EPA to ease lender liability risks for UST properties.

Banks cautious over lending for properties with underground storage tanks may finally see a regulatory impediment drop as the EPA closes in on eliminating some of the liability responsibilities from lenders holding secured interests in those properties. The rule, expected to be finalized midway through 1995, would make it safer for secured lenders to hold a security interest in properties containing underground storage tanks--USTs--and avoid environmental cleanup liability by broadening a limited exemption in the Resource Conservation and Recovery Act.

The rules comment period expired Aug. 12 and EPA sources said it should become final in August 1995. It was originally published in the Federal Register June 13.

The EPA said it hoped that this rule would assist creditworthy UST owners, noting that a significant number of lenders were reluctant to make loans to UST owners and, as a result, those owners might not be able to comply with the upgrade and maintenance requirements outlined in RCRA.

The RCRA extends a statutory exemption from owner liability for those entities that do not engage in the business of petroleum production, refining or marketing. But the act does maintain a secured interest, or indicia,ownership in properties with USTs.

That exemption, however, applies only to lenders in the Acts provision related to cleanup-related responsibilities. Under the proposed rule, the exemption would apply broadly to entities holding almost any kind of indicia or evidence of ownership of UST property. The rule would not apply, however, to lenders acting as trustees or holding indicia of ownership for any reason other than to protect a security interest.

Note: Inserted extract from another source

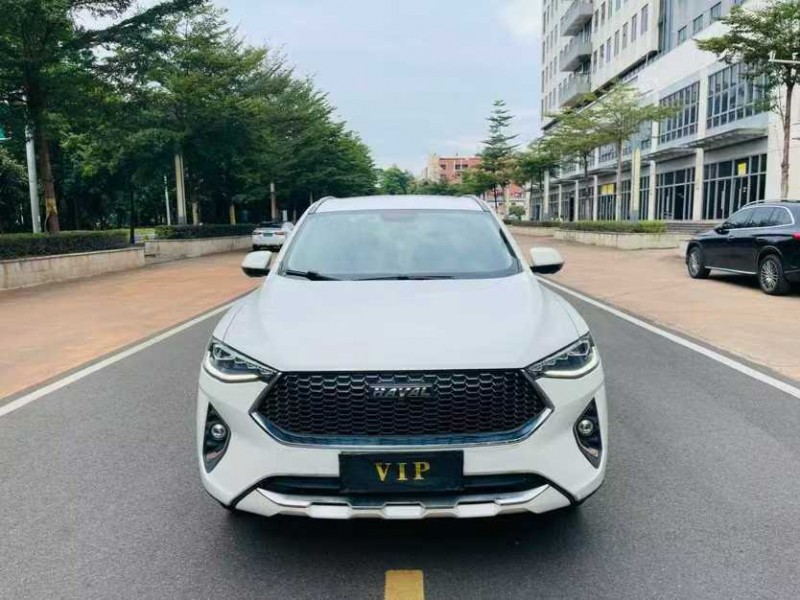 东莞20年哈弗F71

The linchpin of the rules broadened exemption is the lenders role in the management of the UST property. Because most lenders become involved in the process during foreclosure proceedings, EPA plans to employ a two-pronged test to determine the lenders pre-foreclosure role in the property's management.

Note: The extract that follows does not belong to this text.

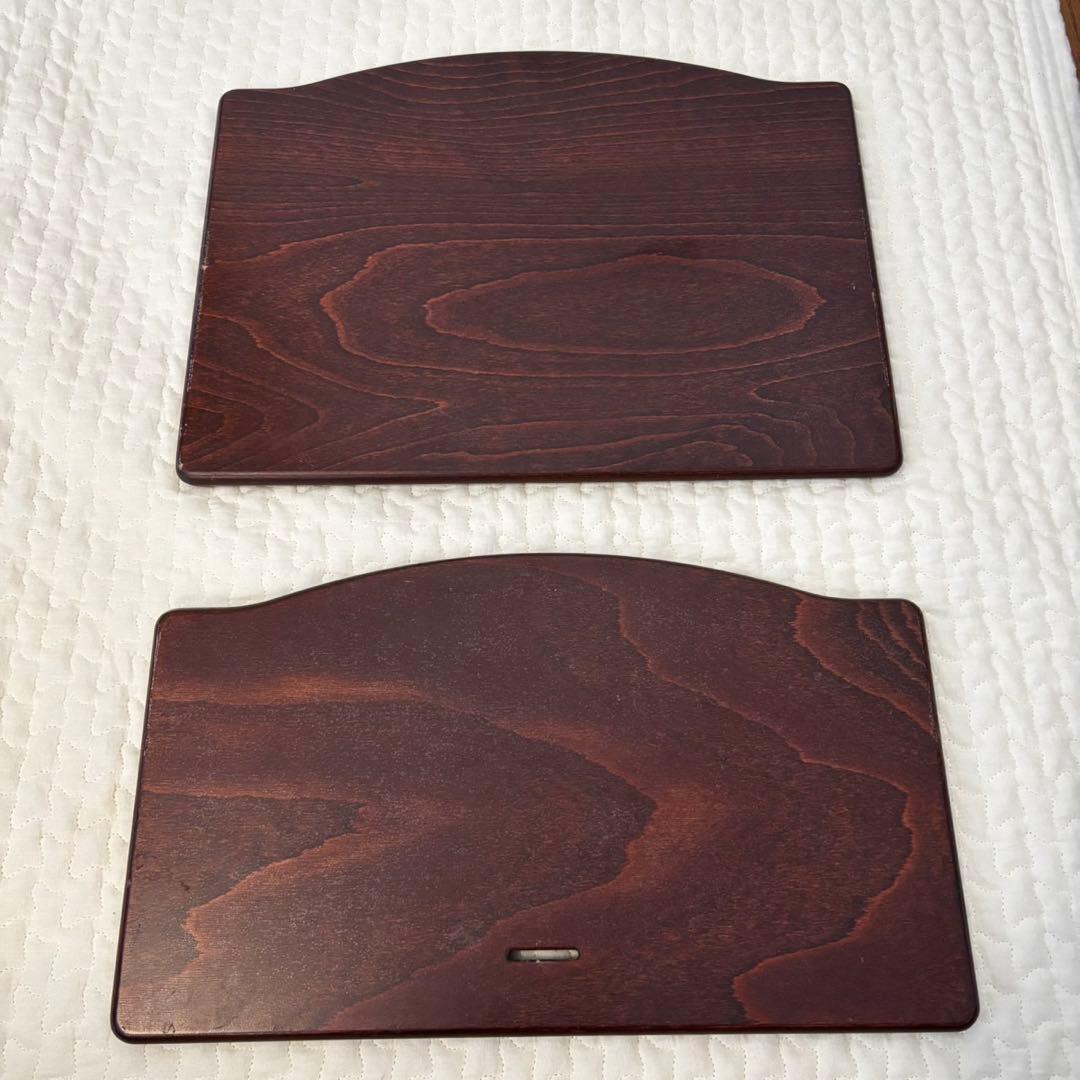 ストッケ　トリップ トラップ　ベビーチェア+ベビーセット　ウォールナット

EPA would consider the holder of indicia of ownership a participant in management if it either:

* Exercises decision-making control over the borrowers environmental compliance, such that the holder has undertaken responsibility for the borrowers UST or UST system management; or

* Exercises control at a level comparable to that of a manager of the borrowers enterprise, such that the holder has assumed the day-to-day decision making with respect to environmental compliance, or substantially all of the operation aspects of the enterprise other than environmental compliance.